Even sectors that appear distant from geopolitical tensions are not immune. Banks may face longer settlement timelines and stricter compliance checks in cross-border payments. Telecommunications companies see higher operating costs where network resilience relies on diesel backup power. Manufacturers experience rising input costs as fuel, freight and insurance expenses increase simultaneously. Tourism and aviation can also feel early effects when airline routes change or travel confidence weakens, affecting foreign-exchange inflows and hospitality demand.
Over time, these pressures can trigger broader structural adjustments. Higher energy prices feed into fertiliser production and agricultural supply chains, influencing food prices in import-dependent markets. Tighter global financial conditions may slow infrastructure
investment, particularly where Gulf capital has played an increasingly prominent role in ports, logistics, and energy projects.

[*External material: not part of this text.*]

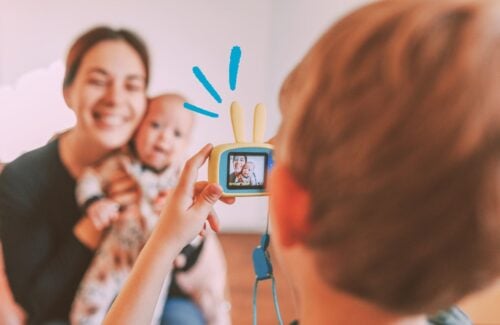 Criança tirando foto de mulher com bebê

Governments facing rising import bills and foreign-exchange pressure may also respond through policy adjustments, from tighter FX allocation to subsidy changes or import controls.
None of this implies that the conflict will necessarily escalate into a worst-case scenario. Global markets often stabilise, and trade routes eventually adjust. But risk is already being repriced.
For African executives, the task is not to predict how the conflict will unfold. It is to recognise how global systems are responding to the uncertainty and to adjust planning assumptions accordingly.
Geography may place the conflict far from Africa’s borders. Economics will ensure its effects don’t stay there.